I've been using Rspec extensively at work for a large Rails application, but have been using Minitest on my pet projects. I like both, and can see pros and cons of each.

I'd like to know what others in the community use, what they prefer and why.

Top comments (7)

vinistock profile image
Vinicius Stock

Here are some of my opinions about both frameworks.



  • Test are very easy to read and figure out what they are trying to verify
  • CLI is simple. You can easily run a specific example (even if the example is defined using metaprogramming)
  • The tools for stubbing and verifying method calls are simple and intuitive
  • Creating a matrix of different scenarios is easy through shared contexts, lets and the example hooks (before, after, around)


  • Takes longer to learn the DSL since it is not pure Ruby
  • Tests take longer and have a larger memory footprint
  • Requires libraries for doing things that come out of the box with minitest (such as fixtures)

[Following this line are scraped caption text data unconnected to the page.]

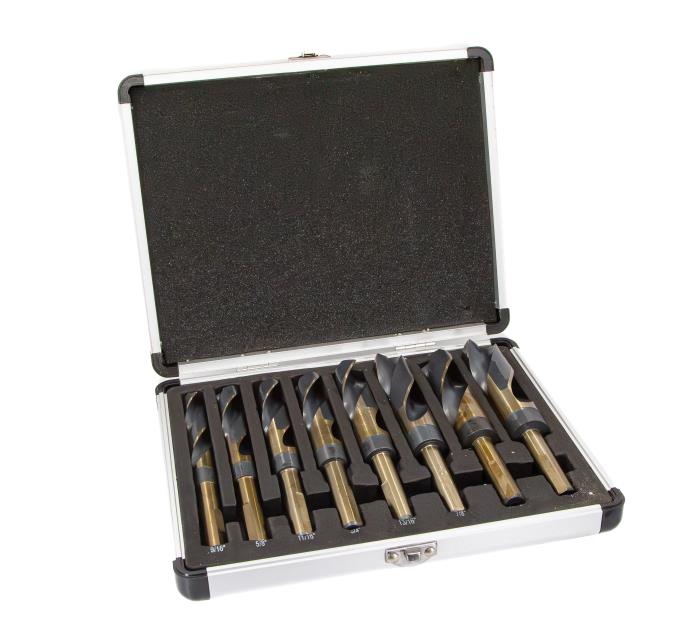 8 Piece HSS Contractor Drill Bit Set with Reduced 1/2" 3-Flat Shank, 9/16" - 1"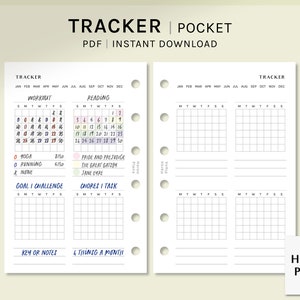 May include: Printable planner page with a monthly tracker for workout, reading, goal and challenge, chores and task. The page also includes space for key or notes and four things a month.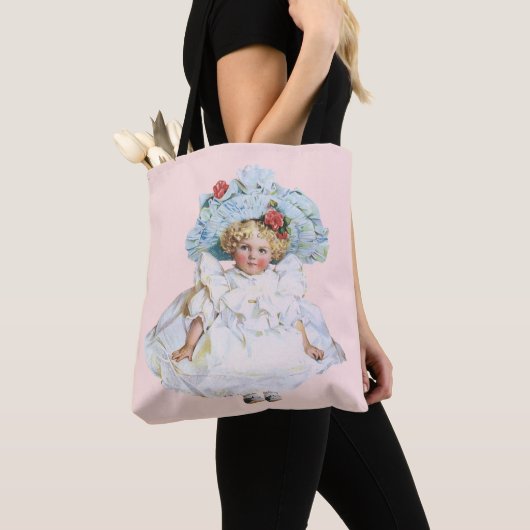 Victoriaans babymeisje Doll, Pet Pasen Tote Bag (Dichtbij)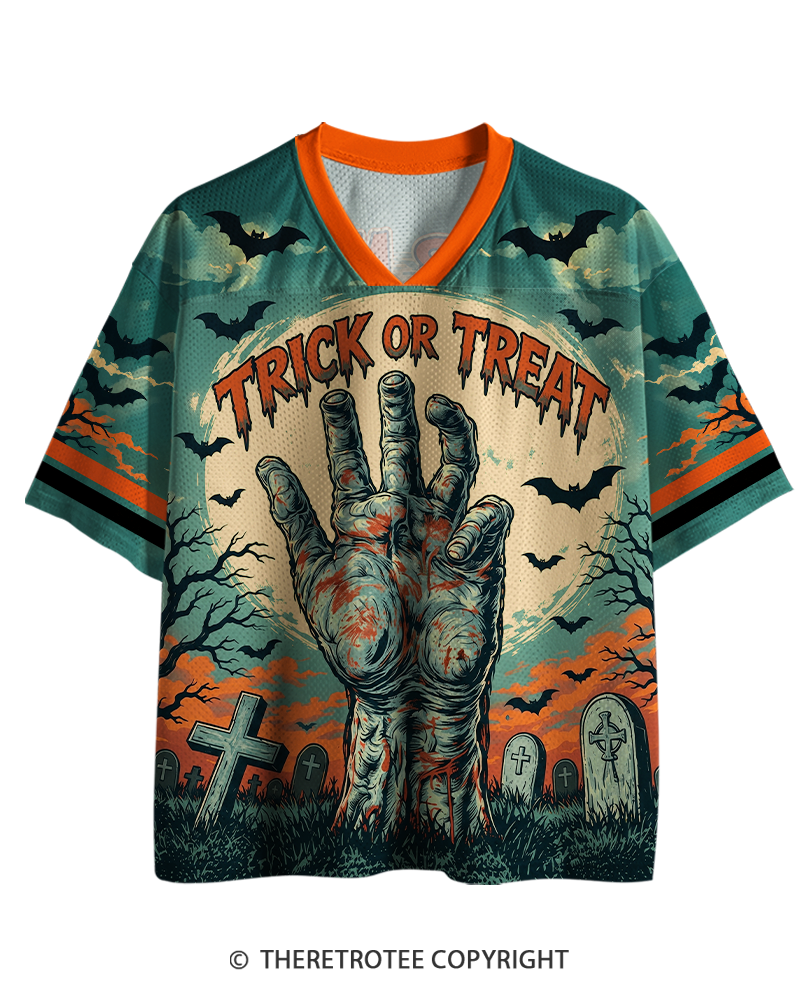 TheRetroTee Graveyard Rising 1980s Halloween Mesh Jersey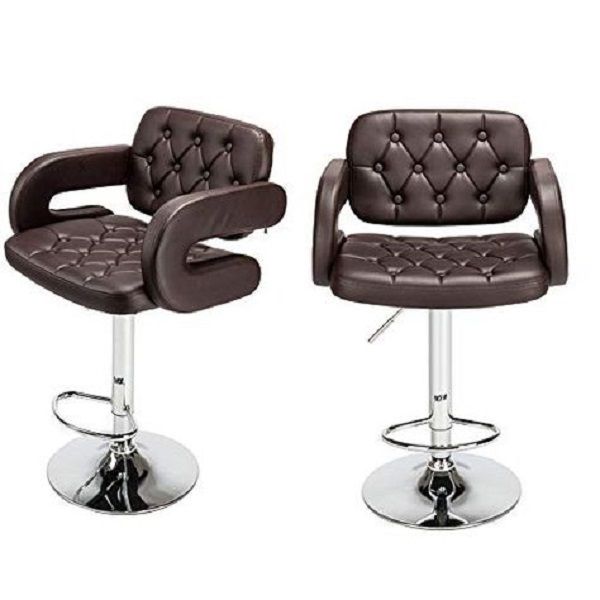SMTE - Pair of - MAK Faux Leather Luxury Barstools with armrests - Brown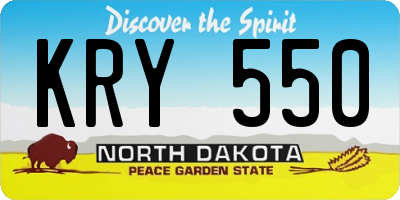 ND license plate KRY550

  • Runs much faster than rspec
  • Tests are written in pure Ruby
  • Outputs not only number of examples, but also number of assertions
  • Comes with fixtures and many Rails assertions out of the box


  • CLI isn't the best. Hard to run a specific example
  • Stubbing or verifying method calls is not as intuitive as in rspec
  • Harder to create a matrix of scenarios since you cannot nest contexts as in rspec
truggeri profile image
Thomas Ruggeri

I totally agree about the matrix of scenarios. I'm still not satisfied with contexts in Rspec because of the nested nature. This is somewhat mitigated by shared examples, but still.

Excellent comparison list!

johncip profile image
jmc • Edited

FWIW, there are shared contexts too, as you probably know. I'd sometimes make a regular loop outside of the context in order to repeat tests over some values. And helper functions are often handy, and multiline lets.

Beyond that, IME you just get to a point where they're dry enough and let it go. Since they're tests, they're not likely to need much maintenance, and what they do is often repetitive by nature.

Overall, I like the RSpec DSL... my main gripe was that there are two versions of it, so it's possible for a codebase to have a mix of styles. Probably not an issue for projects started after version 3 came out, though.

I haven't used minitest much, but I will say that I'm not a huge fan of structuring tests as classes (a la their "unit test" style, or Python's built-in unittest, or the various xUnit frameworks).

Running tests by line number is a nice feature of RSpec's but I've tended to use the substring filter more anyway, and it looks like minitest has one. (Often the line number changes as you make changes to the file.) Had I not been running my Ruby app inside a VM, I'd probably have made more use of editor integration there anyway.

Also it's hard to overstate the importance of faster test runs :p

rhymes profile image

In my heart I'm still a fan of minitest's simplicity. RSpec's DSL is powerful but it can be... too much.

melezhik profile image
Alexey Melezhik

Hi ! You can try Tomty - generic testing framework. You could write tests on many languages including Ruby if you really into Ruby influenced testing ...

coreyja profile image
Corey Alexander

I've only used rspec really

Since you've used both, what do you like about minitest?

truggeri profile image
Thomas Ruggeri

Good question. Some things I like about minitest,

  • It takes very few lines of code to write some simple tests. Many of the tests that I've been writing are only a few lines long and very clear on their intention.
  • Unlike Rspec, it doesn't have an opinionated view on the way the tests should be written. When getting started with Rspec, it feels very foreign because of the testing DSL they created. Minitest doesn't take nearly as much to get started with.
  • I don't need to refer to the documentation nearly as often as I do with Rspec. I don't know if that's because I haven't done enough with Minitest yet ;).